Captioned web images

== Segment start ==

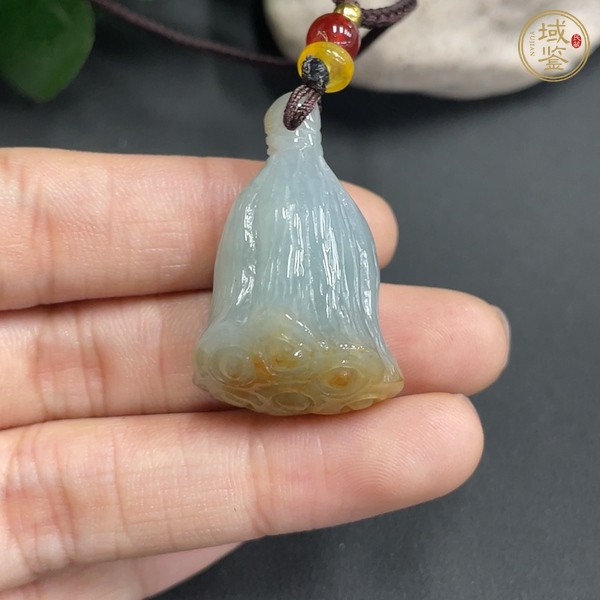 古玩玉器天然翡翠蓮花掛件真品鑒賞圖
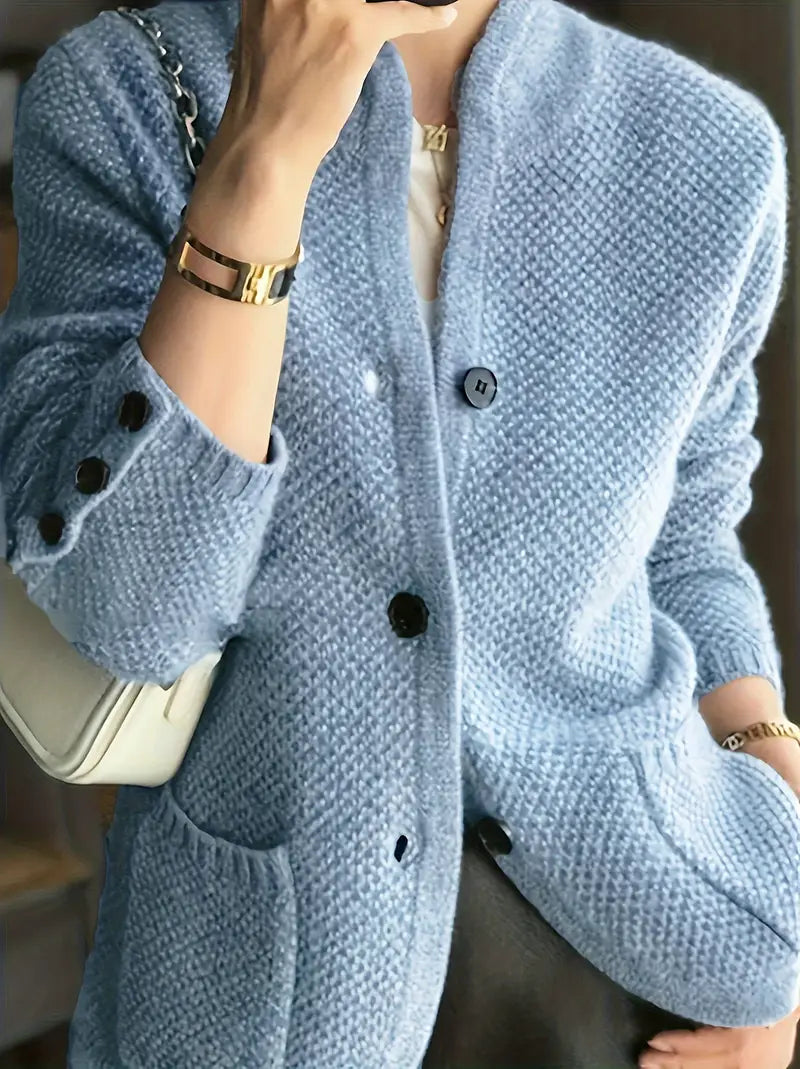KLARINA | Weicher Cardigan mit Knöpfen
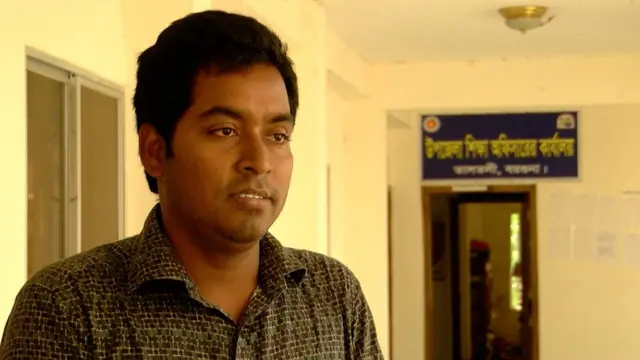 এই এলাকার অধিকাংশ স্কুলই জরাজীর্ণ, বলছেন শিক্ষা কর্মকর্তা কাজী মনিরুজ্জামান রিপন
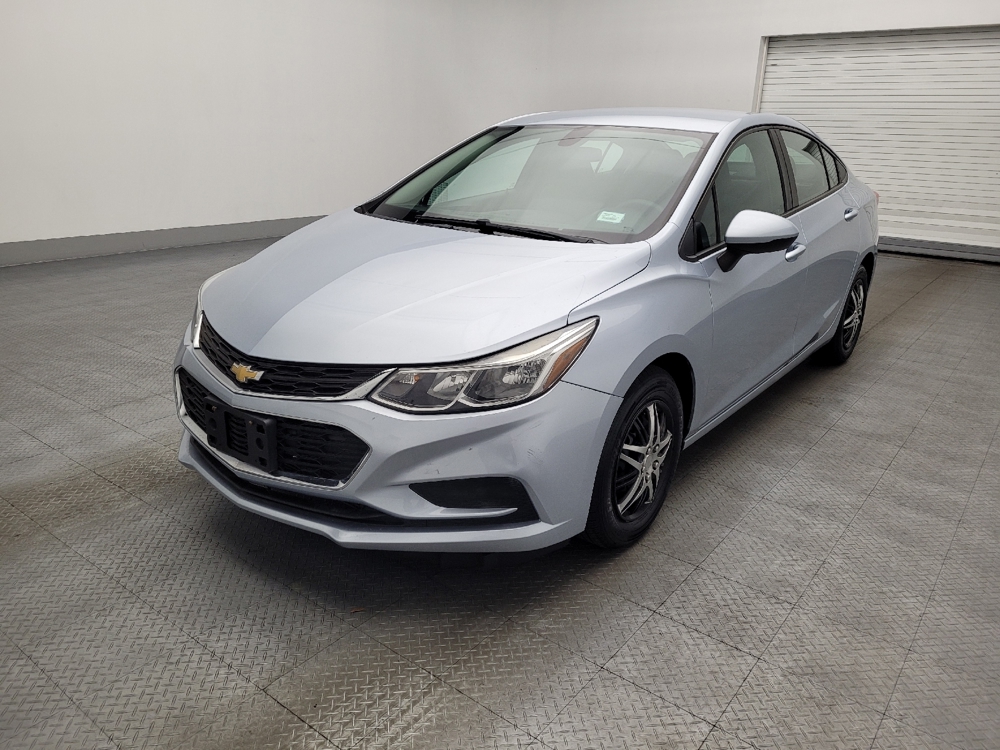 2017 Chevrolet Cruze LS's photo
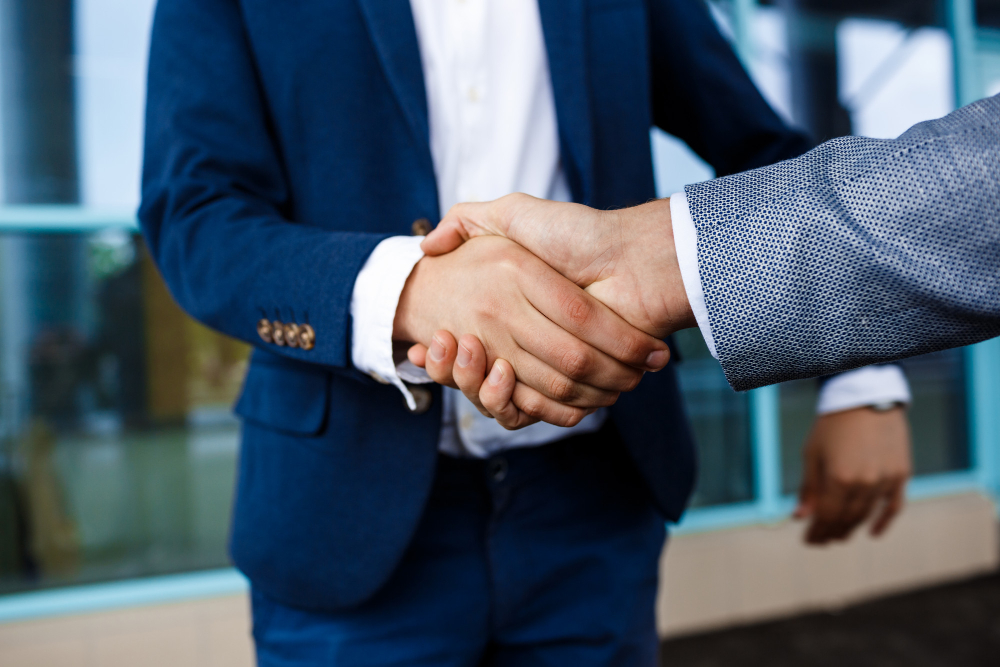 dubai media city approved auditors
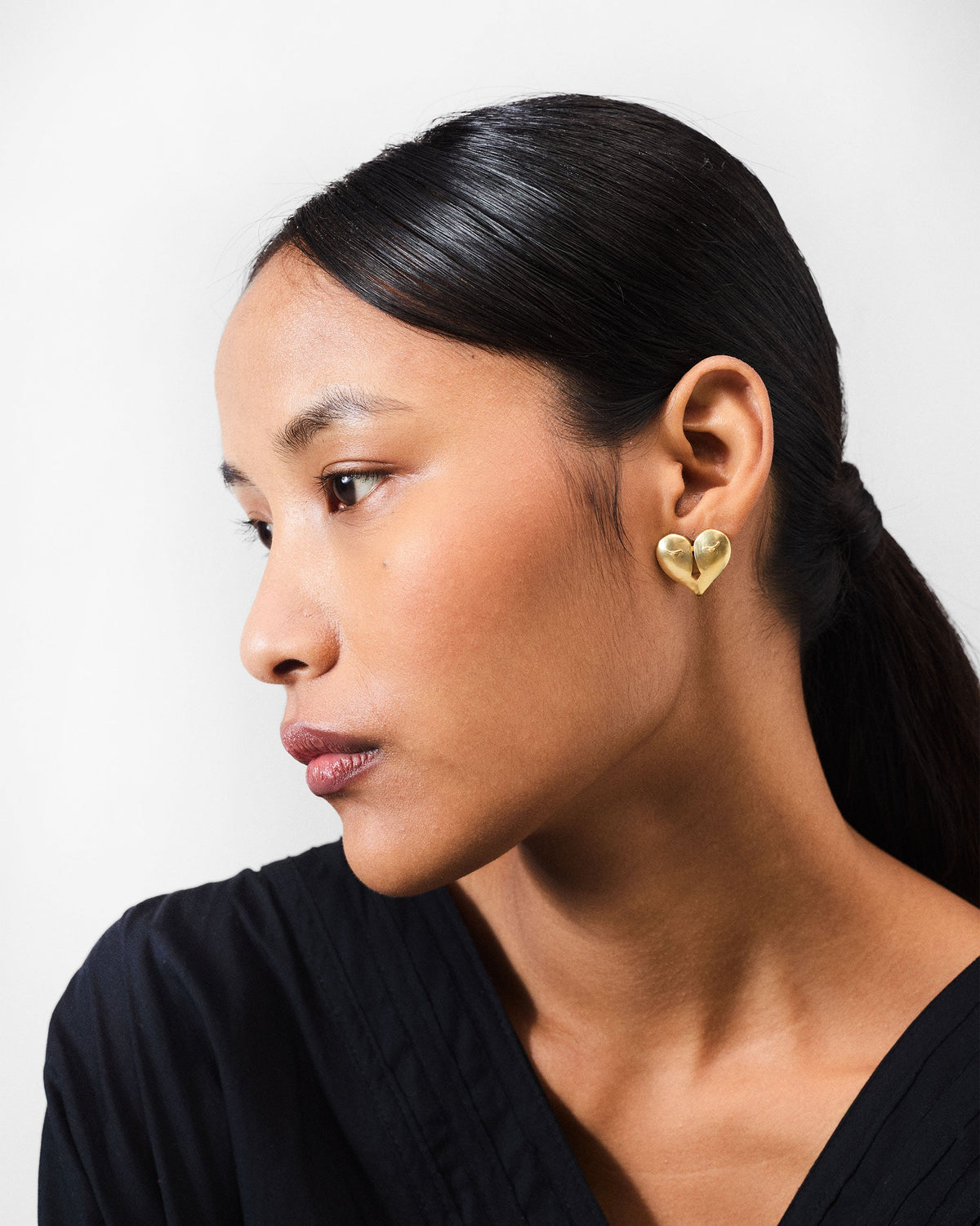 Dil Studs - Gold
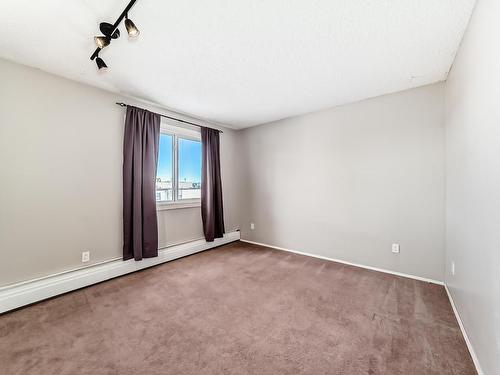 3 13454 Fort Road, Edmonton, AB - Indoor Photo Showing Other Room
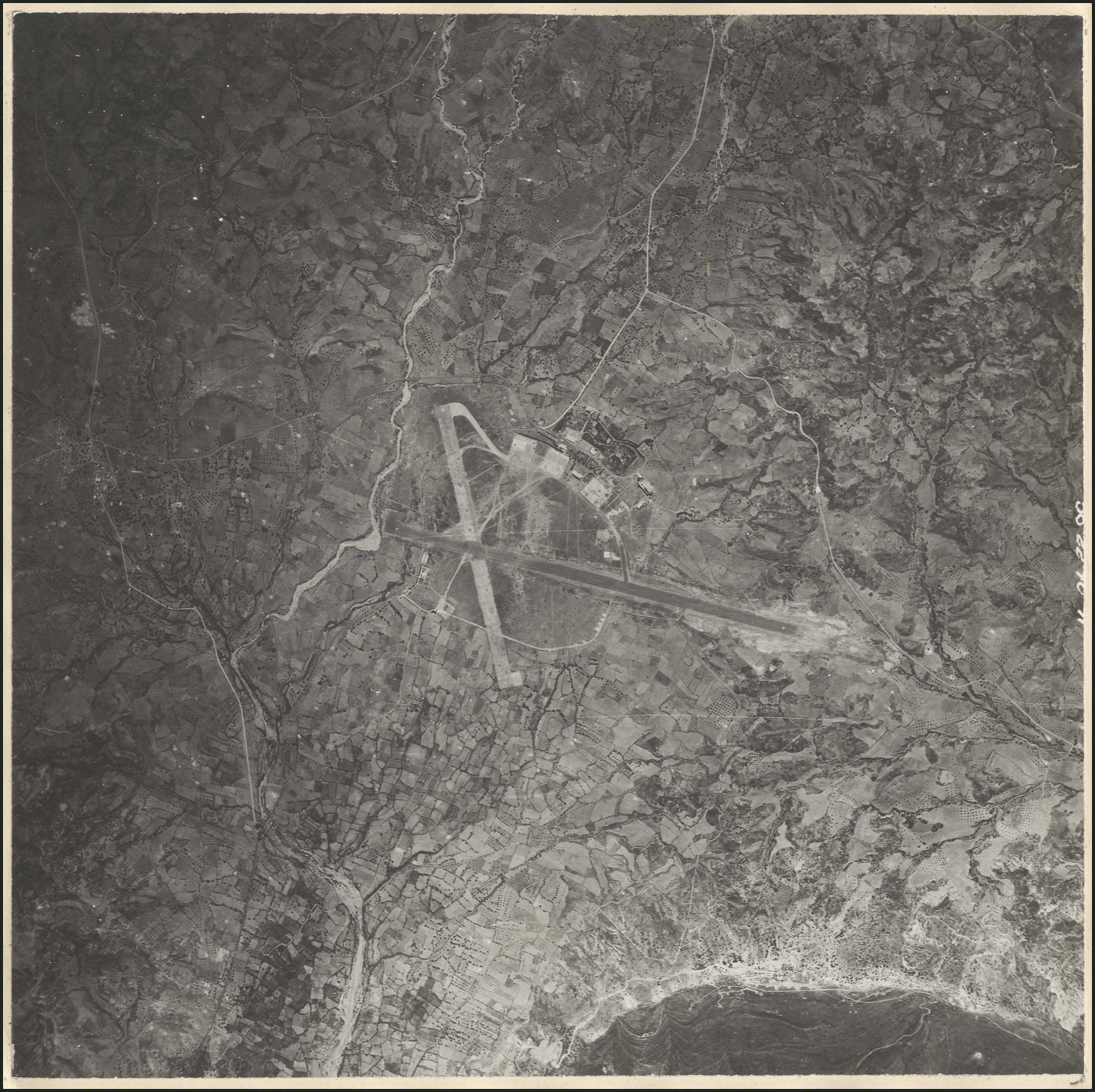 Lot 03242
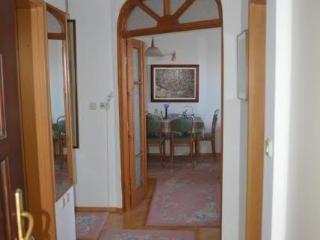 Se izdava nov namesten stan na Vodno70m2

== Segment end ==

→ Task objective: With images excluded, write the records above out again exactly.

→ Your response:
 古玩玉器天然翡翠蓮花掛件真品鑒賞圖
KLARINA | Weicher Cardigan mit Knöpfen
 এই এলাকার অধিকাংশ স্কুলই জরাজীর্ণ, বলছেন শিক্ষা কর্মকর্তা কাজী মনিরুজ্জামান রিপন
 2017 Chevrolet Cruze LS's photo
 dubai media city approved auditors
 Dil Studs - Gold
 3 13454 Fort Road, Edmonton, AB - Indoor Photo Showing Other Room
 Lot 03242
 Se izdava nov namesten stan na Vodno70m2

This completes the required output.